Wobei die Franzosen damit die Zeitspanne von 17 bis 19 Uhr meinen, in der Mann oder Frau sich gemeinhin auf dem Weg vom Arbeitsplatz zurück nach Hause befinden - und in der sich ein Seitensprung am unauffälligsten arrangieren lässt. Das Gebot der Unauffälligkeit wiederum will, dass ein "5 à 7" zumeist im Hotel stattfindet, da Parkbänke oder Autositze zu wenig Sichtschutz bieten.
Angesichts der gesalzenen Pariser Hotelpreise ist dies jedoch ausgerechnet in der Stadt der Liebe ein verflixt teures Vergnügen. Es sei denn, man greift auf den Internet-Dienst "Dayuse" zurück. Das Start-up-Unternehmen vermittelt allein in der Seine-Metropole sogenannte Tagesbuchungen in 250 ausgesuchten Hotels. Der Clou: Die Preise unterschreiten die für eine herkömmliche Übernachtung im gleichen Haus um bis zu 75 Prozent.
"Dayuse" ist eine Erfolgsgeschichte. Vor fünf Jahren aus der Taufe gehoben, hat der Reservierungsdienst in Frankreich mittlerweile 100.000 Nutzer. Dabei treten die Firma und ihr Gründer David Lebée so diskret auf, dass sie erst 2015 zum ersten Mal in die Schlagzeilen gerieten. Da gelang es "Dayuse", per Crowdfunding 15 Millionen Euro an Kapital einzusammeln, um auch international durchzustarten. In 50 Ländern will der 35-jährige Lebée bis 2020 mit seinem Dienst präsent sein, in Deutschland ist er es bereits.
Diskretion ist dabei eine der Geschäftsgrundlagen: So können Kunden ihr Schäferstündchen ohne Kreditkarte buchen und bar an der Rezeption bezahlen. Außerdem sind Stornierungen kostenlos und es gibt eine "Best-Preis-Garantie". Wie diese aussieht, lässt sich mit wenigen Klicks feststellen: Für sechs Stunden in einer Pariser Vier-Sterne-Herberge werden 79 Euro aufgerufen, 95 Euro sind es für die Tagesbuchung in einem Berliner Fünf-Sterne-Palast.

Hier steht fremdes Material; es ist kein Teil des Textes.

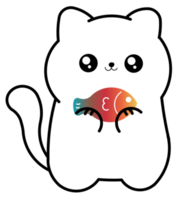 carino gatto Tenere colorato pesce cartone animato illustrazione png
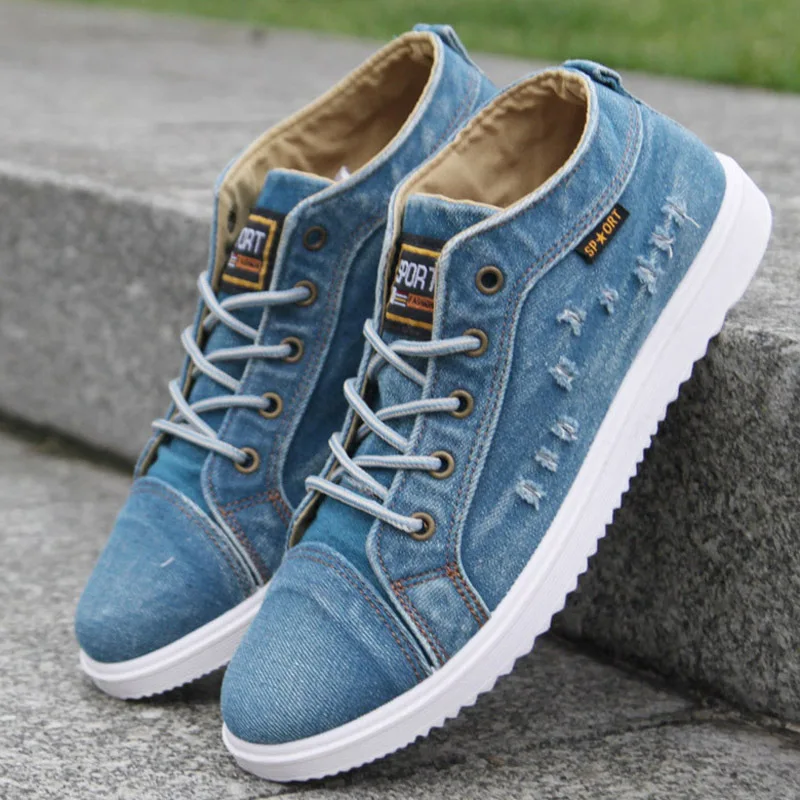 

British Style Men Casual Shoes Denim Canvas Shoes Men Sneakers 2022 High Top Black Man Ankle Boots Flat Footwear zapatillas 남자신발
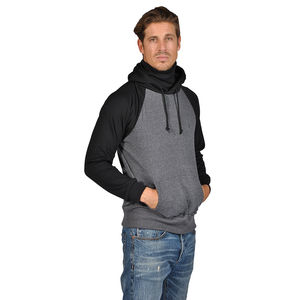 Sudadera con Capucha de Estilo Urbano, Cierre Completo, Lavado Ácido Vintage, Bolsillos Tipo Canguro, para Hombre, Holgada, de Algodón y Poliéster - Product Image 3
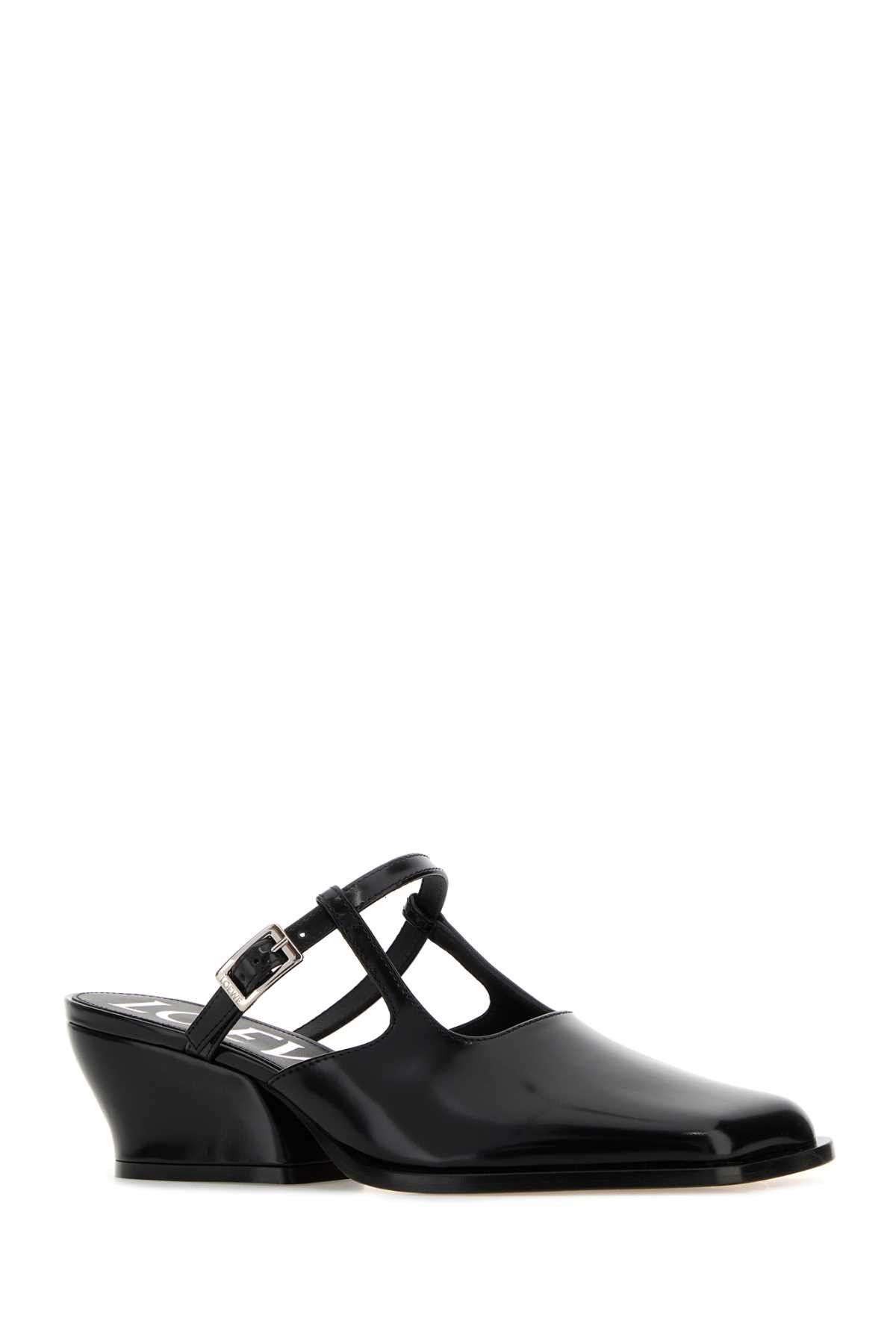 Loewe Black Leather Onda Mules Size US 10 / IT 40 - 2 Thumbnail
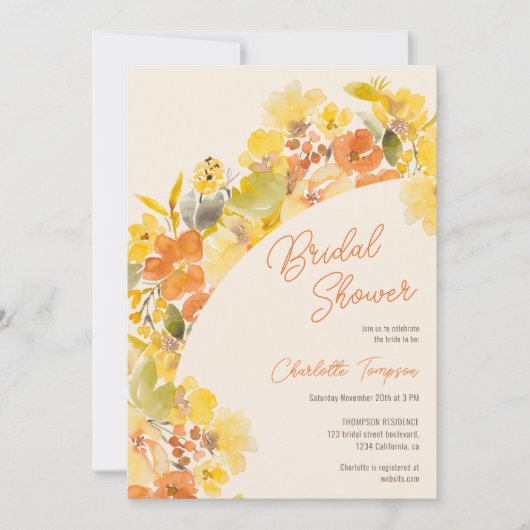 Invitation Chute boho jaune fleurs script douche nuptiale (Devant)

Die Preise handelt das Unternehmen direkt mit den Hoteliers aus. "Wir erhalten die Nachlässe ohne Probleme, schon weil in fast allen Hotels 70 Prozent der Zimmer tagsüber unbelegt sind", behauptet Lebée. Ein Win-Win-Geschäft für alle also? In Frankreich lässt sich diese Frage bejahen. Ob das auch für andere Länder mit strengerer Moral gilt, bleibt abzuwarten.